18. The client on our endpoint will handle your transfer and send you an email when it is done. You can view the status of the transfer in the Activity tab 19. Looking at the filesystem on Graham upon completion, we can see that the file is indeed there:

[<user>@gra-login2 globus_transfers]$ ls -lha
total 555M
drwxr-x--- 2 <user> <user>    3 Jul 18 14:54 .
drwx------ 6 <user> <user>   13 Jul 18 14:38 ..
-rw-r--r-- 1 <user> <user> 550M Jul 18 15:02 2015_11_18_5_filtered0.1to10.mat

Option 2: Globus CLI

Globus offers a command line interface, which is useful for its convenience and for automating transfers and backups. Its documentation is available here.

Option 3: Archeion

Archeion can be downloaded here. Requirement: Globus personal must be set up on personal endpoints. It can be used to script transfers using python and provides functionality that handles authentication and transfer management.

Git-Annex

Git-Annex uses git to create an annex, which presents files to the user in a single directory structure, even though the individual files are distributed across multiple locations. It can also be confiogured to create a number of copies of a file distributed across different annexes. This enables users to remove a local copy while ensuring redundancies are available on other storage locations. It is also able to synchronise files across redundancies. File versions can be uniquely tracked and referenced using git changeset hashes.

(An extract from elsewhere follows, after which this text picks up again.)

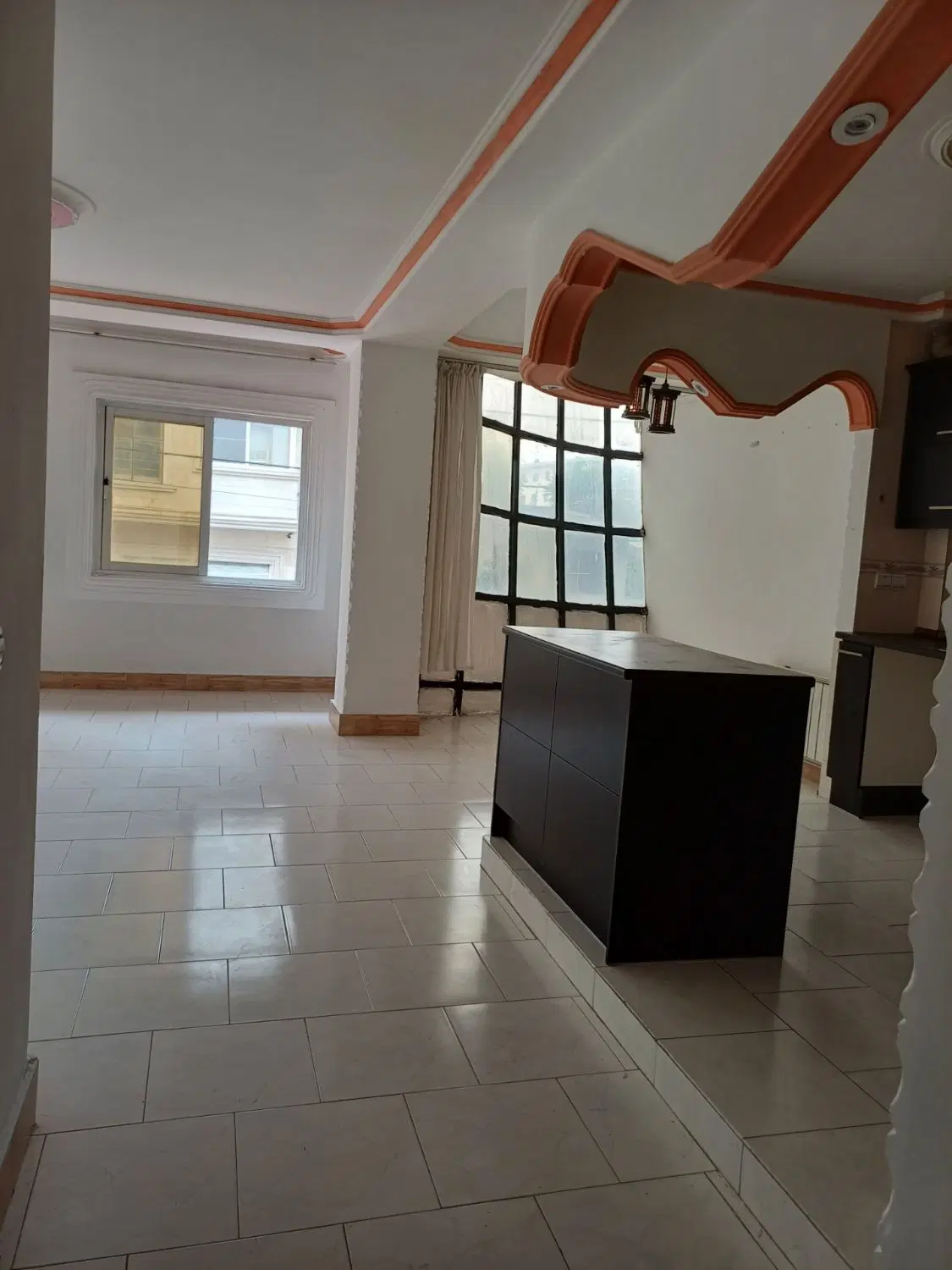 یک واحد آپارتمان میرزای شیرازی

It also comes with a webapp interface.

Note

Git-Annex is a powerful tool but requires knowledge of git, UNIX command line and careful scripting to use effectively.

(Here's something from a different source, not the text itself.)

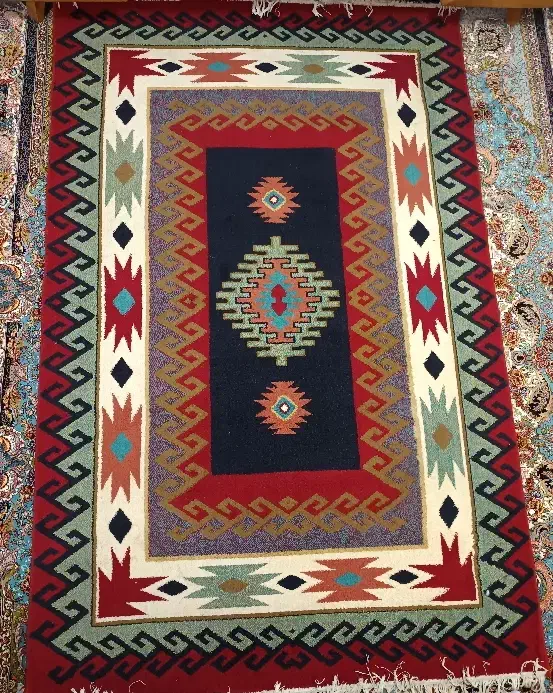 گلیم فرش|گلیم، جاجیم، گبه|ری, دولت‌آباد|دیوار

Use Case Demo: Syncing files with Git-Annex using Linux CLI

The following demo was tested on Ubuntu 18.04 LTS

Note

sudo priviledges are required to install git-annex

Install the Git-Annex from NeuroDebian.

Create a repository in a location of your preference

$ mkdir annex
$ cd annex
$ git init
Initialized empty Git repository in /home/user/annex/.git/
$ git annex init
init ok

Add file to the repository

$ cd /home/user/annex/
$ cp ~/Pictures/121406.jpg ./
$ git annex add .
add 121406.jpg ok
(recording state in git...)
$ git commit -a -m added
[master (root-commit) 1259e1c] added
1 file changed, 1 insertion(+)
create mode 120000 121406.jpg

Add a remote, in this case, an external hard drive called ‘My Passport’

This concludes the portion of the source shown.